(DESCRIPTION OF THE TASK): Copy every record below exactly, leaving out any pictures.
--- THE DATA ---
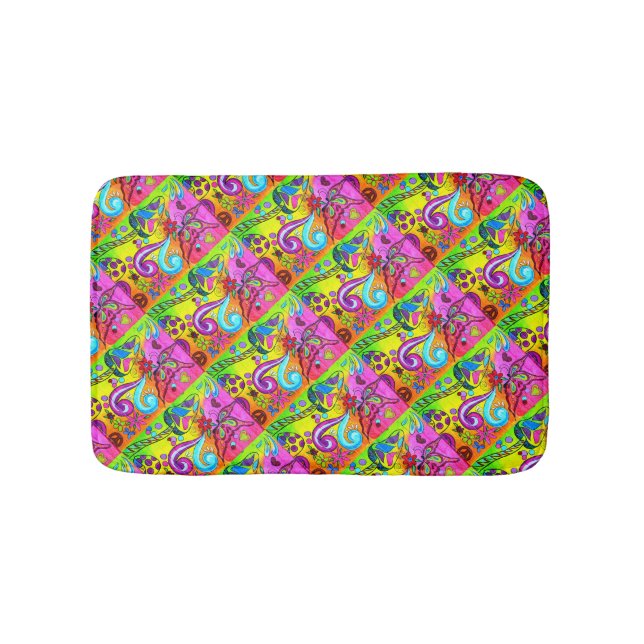 Hippie groovy psychedelische Pilze Badematte (Vorderseite)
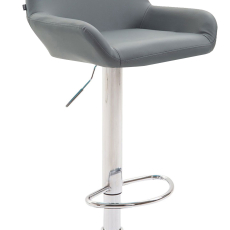 Barová židle Brag, syntetická kůže, šedá - 1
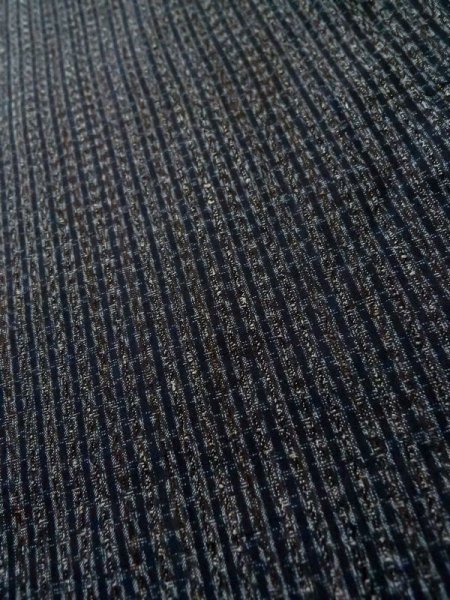 Photo8: L0630Y Used Japanese men  Black Men's Kimono / Silk. Stripes   (Grade D) (8)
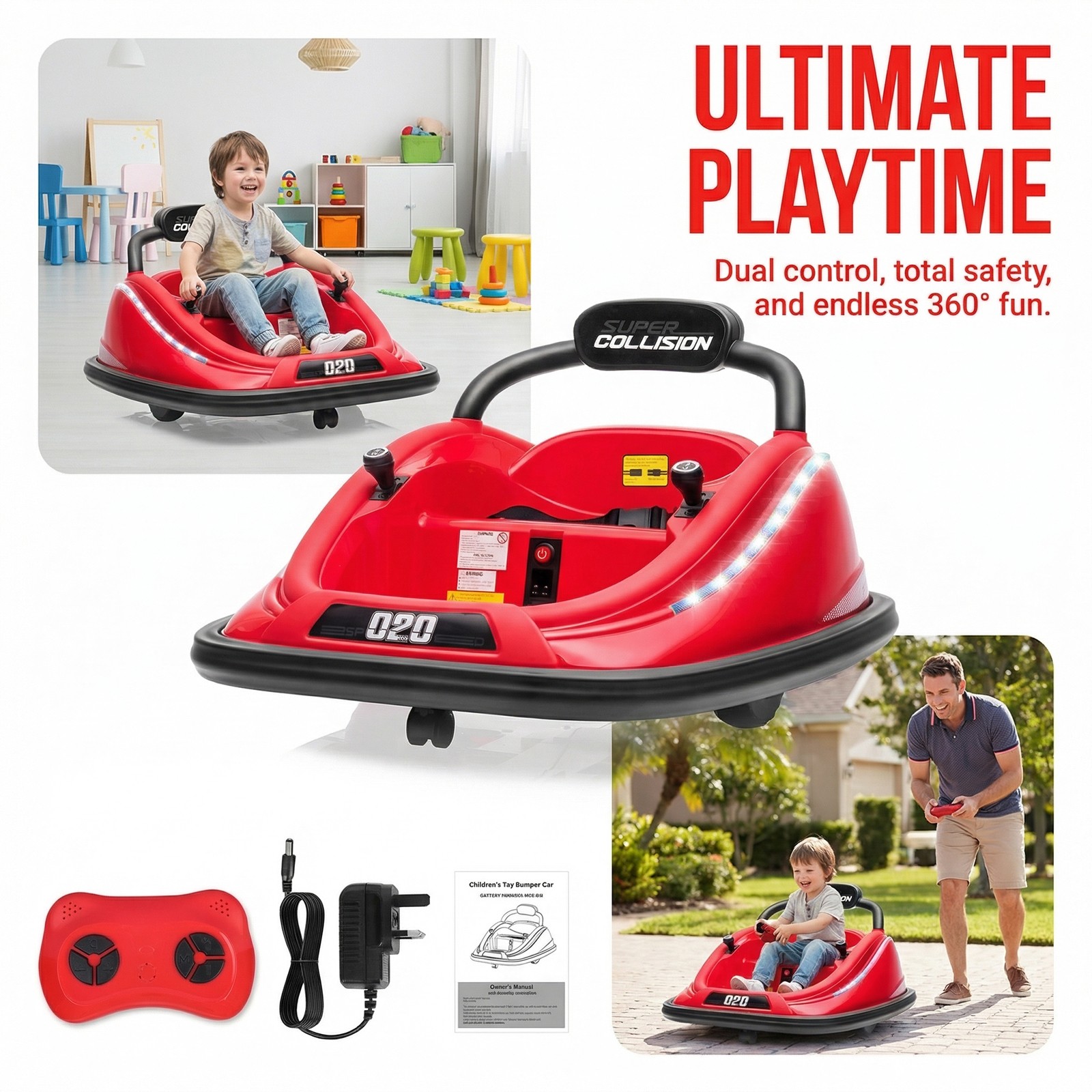 Super Collision 360° Rotating Bumper Car 12V Electric Ride-On Toy Car W/ Remote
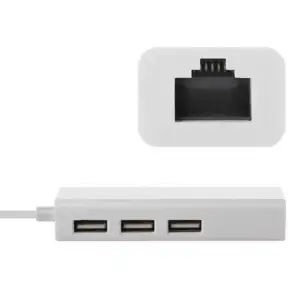 Хаб USB 2.0 Type-C -> 3xUSB 2.0 + RJ45 Fast Ethernet White (S0742) UA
---
(TASK OUTPUT):
 Hippie groovy psychedelische Pilze Badematte (Vorderseite)
 Barová židle Brag, syntetická kůže, šedá - 1
 Photo8: L0630Y Used Japanese men  Black Men's Kimono / Silk. Stripes   (Grade D) (8)
 Super Collision 360° Rotating Bumper Car 12V Electric Ride-On Toy Car W/ Remote
 Хаб USB 2.0 Type-C -> 3xUSB 2.0 + RJ45 Fast Ethernet White (S0742) UA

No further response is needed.